Get Senior Management On Board
Support from senior management is essential in establishing a culture that promotes safety. As leaders, senior management can set policies and allocate resources to create a safer environment and also set an example that encourages involvement at all levels. If senior management is not on board, no one is on board.
Establish Written Policies and Procedures
Create clear and comprehensive traffic safety policies and procedures and communicate and enforce them. Distribute policies and discuss them regularly with employees, including the consequences of failing to follow them.
Get commitment from your drivers by having them sign an agreement that they fully understand the policies and procedures and they agree to uphold them. Assign risk scores to drivers based on an on-going stream of behavioral data and when a driver’s scores rise above an established threshold, make it clear there will be consequences.
Motor Vehicle Record (MVR) Checks
Check the motor vehicle records of drivers and screen out those with poor ones. Review drivers’ MVRs twice a year to make sure they are maintaining a clean driving record and define the number of violations they can accumulate before taking action. Poor drivers mean greater liability.
Driver Training and Education
Driver training and safety awareness are perhaps the biggest factors in reducing accidents and lowering the number of injuries and fatalities.
Educate your drivers behind the wheel and in the classroom and work with them to provide training and seasonal driving tips. With drivers who are highly skilled at their job on your team, your goal of creating a safer culture is more easily realized.
Accident Reporting and Investigation
Have procedures in place to report and investigate accidents. Make it policy that all accidents are reported to the proper manager and make clear the steps drivers need to follow after an accident. When an accident occurs, review it, determine its cause and what steps are necessary to prevent similar accidents in the future.
Vehicle Selection and Maintenance
Knowing what features new vehicles need, plus properly maintaining and inspecting all vehicles helps cut down on accidents, breakdowns and faulty equipment.
For new vehicles, carefully consider what safety features are necessary. For example, do they need forward collision warning, lane departure warning, blind spot detection or maybe adaptive headlights?
Put all vehicles on a preventative maintenance schedule and have them inspected at least annually with results documented in a vehicle file.
Leveraging technology, no matter the size of your fleet, can further reduce accidents and related costs. Telematics programs are ever evolving to cover driver safety, increase productivity, route compliance and improve customer service. Drivers should be made aware that telematics technology is there to support them and help them be better drivers.
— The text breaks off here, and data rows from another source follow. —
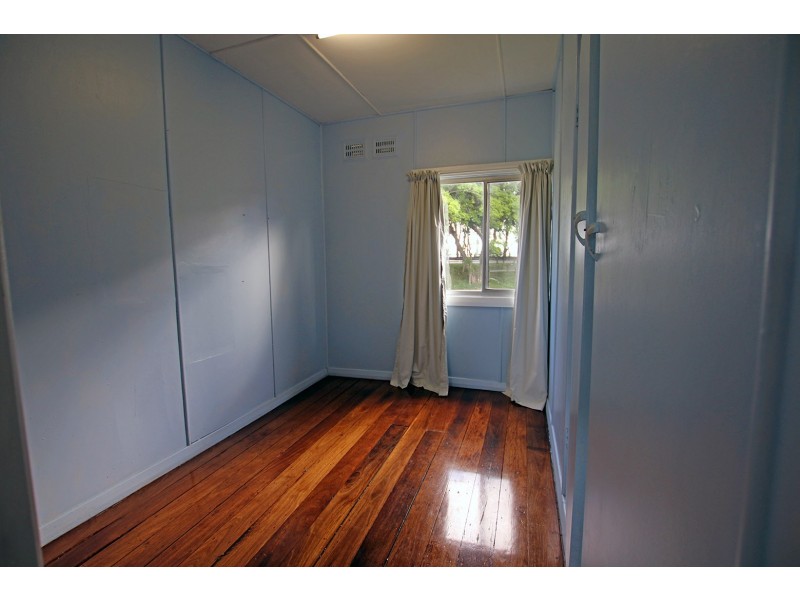 4/161 River Road, Taree NSW 2430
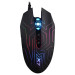 Игровая мышь A4Tech X77 Black
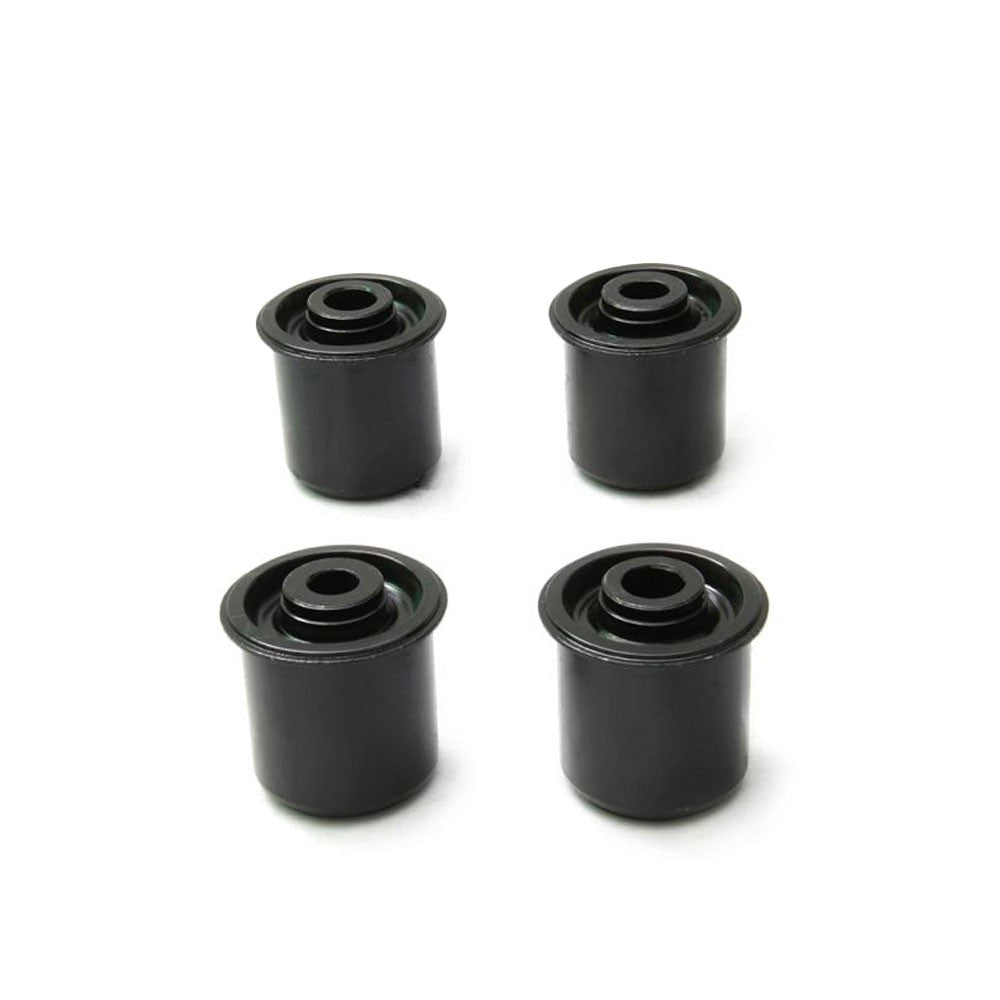 Megan Racing MRS-SC-0604 Rear Sub-Frame Bushing FRS BRZ GR 86 MRS-SC-0604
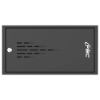 Imagem de RACK DE PAREDE/AEREO FIBRACEM 7U 370MM P370 POP - BA0068S00000000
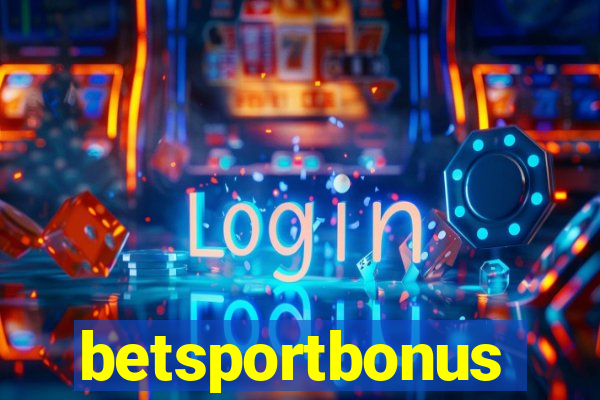 betsportbonus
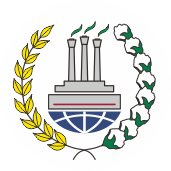 Detail Logo Akademi Pimpinan Perusahaan Nomer 10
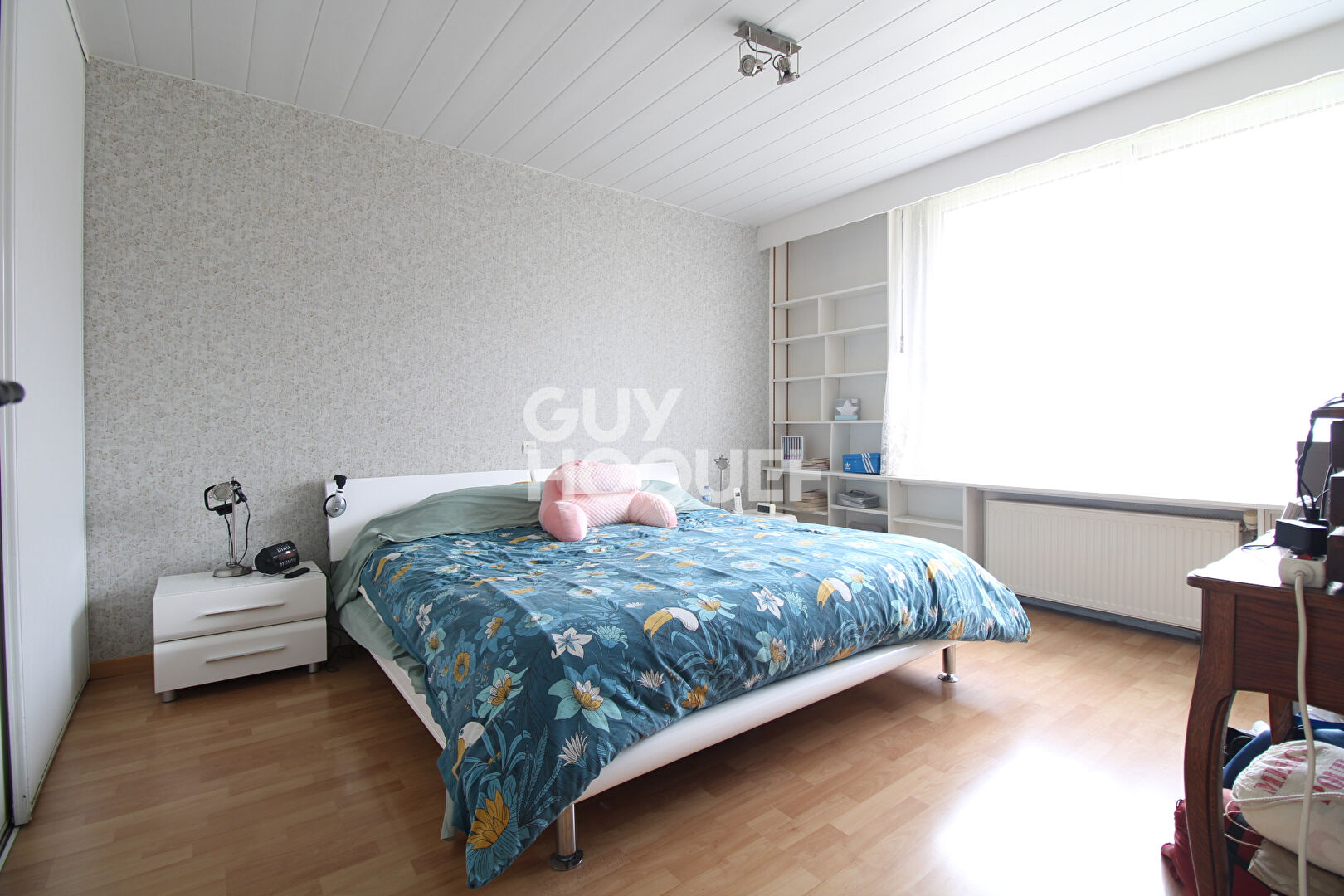 Maison Brie Comte Robert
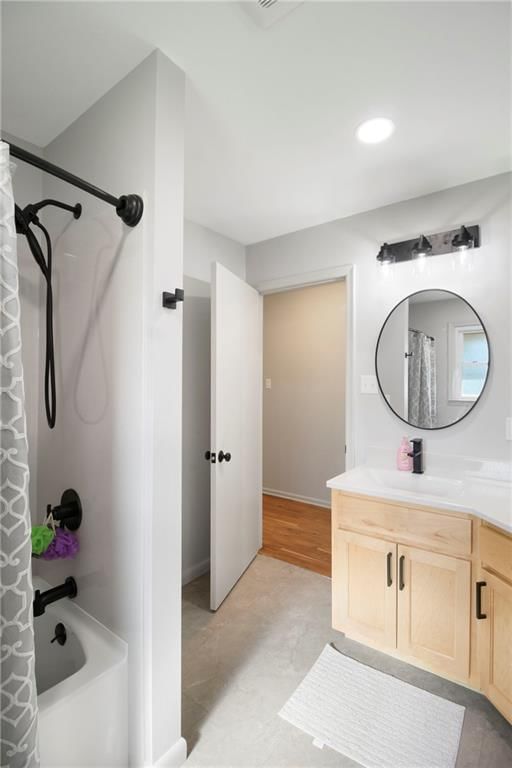 502 Maple Crest Drive — photo 21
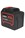 LiftinGear 500kg Battery Powered Electric Chain Hoist 10mtr Lifting Height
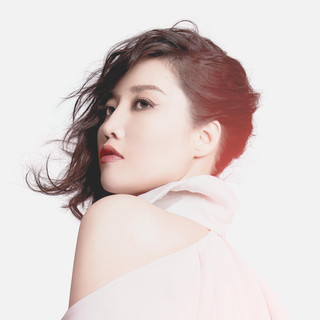 黃麗玲A-Lin演唱會歌單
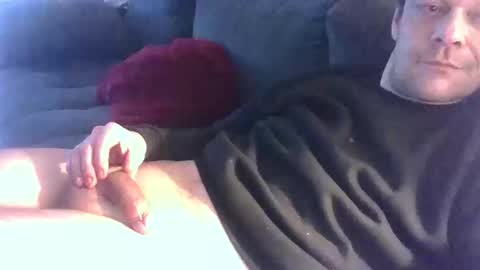 Snapshot of german33bi chatting on March 2026 08:53:02 AM German33FFM1 online show from March 2026 08:53:02 AM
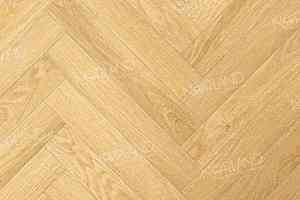 Ламинат Norland Herringbone Elegant Strong 12мм LF304-07 Дуб Тавора фото  | FLOORDEALER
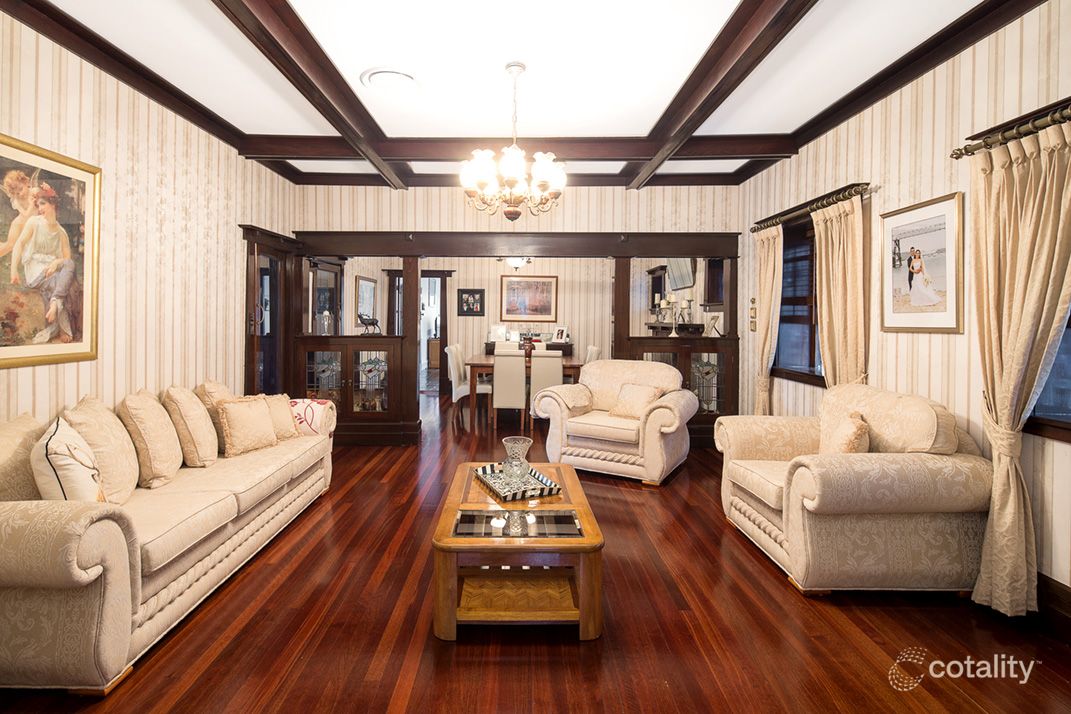 29 Ravenswood Ave, Randwick, NSW 2031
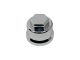 DT Spare Parts 4.40547 Radmutterkappe, SW: 27, H: 38 mm passend für Mercedes-Benz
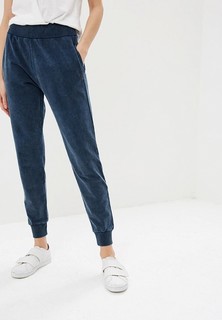 Брюки спортивные Guess Jeans
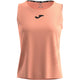 Debardeur Joma Femme Tirantes Challenge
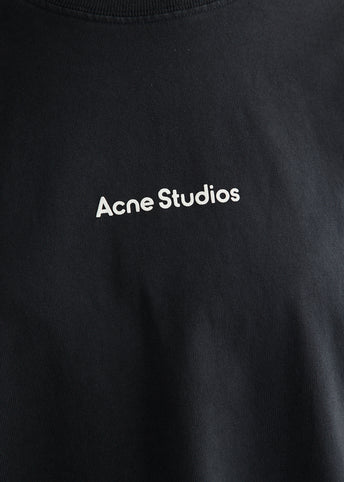 Stamp T-Shirt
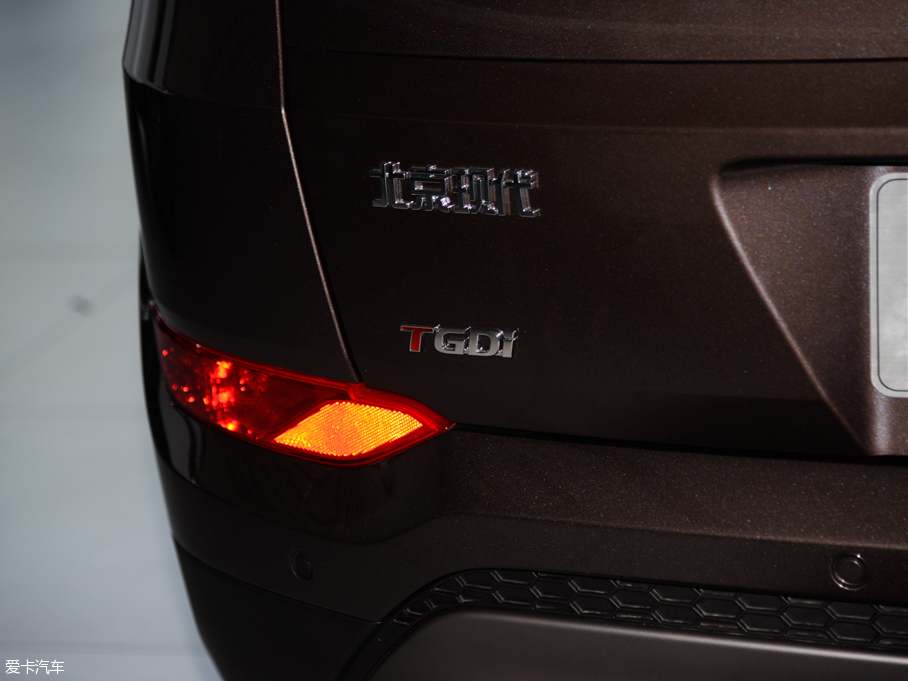 2015;L 1.6T GLX ԄӃI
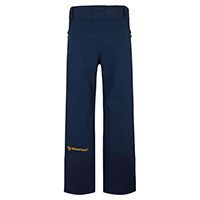 TAMIR VENT-LONG-ZIP-Z MAN // LADY
(WÄRMENDES INNENFUTTER)
| TAMIR FULL-ZIP-Z JUNIOR (WATTIERT) Small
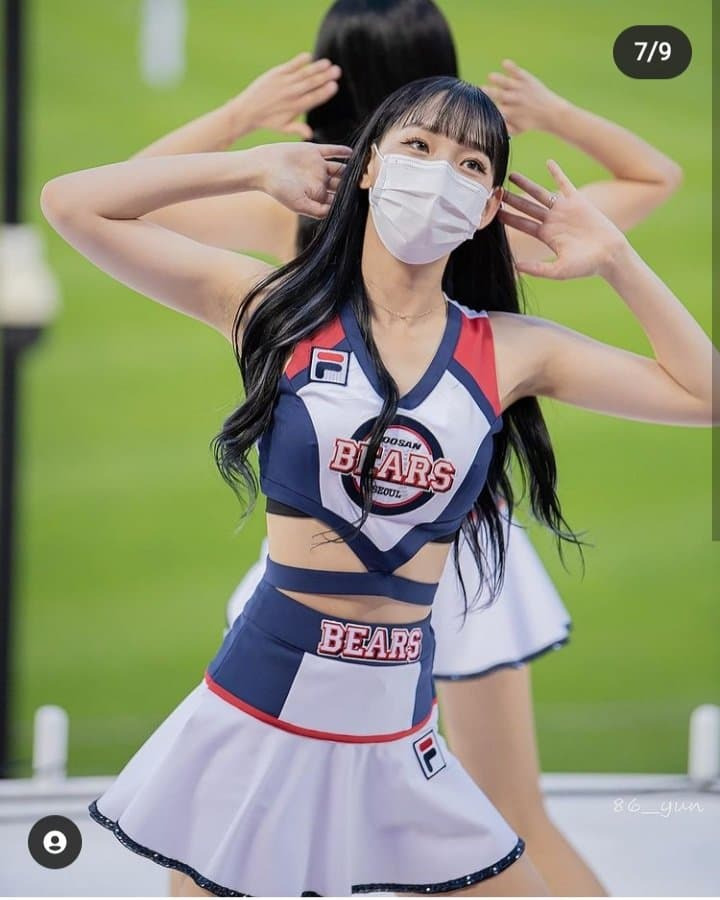 1652104372.jpg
In addition to safety features mentioned in the section above, you may want to look into technology that disables cell phones while a vehicle is in motion, or crash avoidance technology for new vehicles or for refitting your older ones.
The Bottom Line
Improving safety and reducing accident costs is all about communication and compliance—communication between all fleet stakeholders and compliance with all policies and procedures.
It takes a team effort. And it is everyone’s job.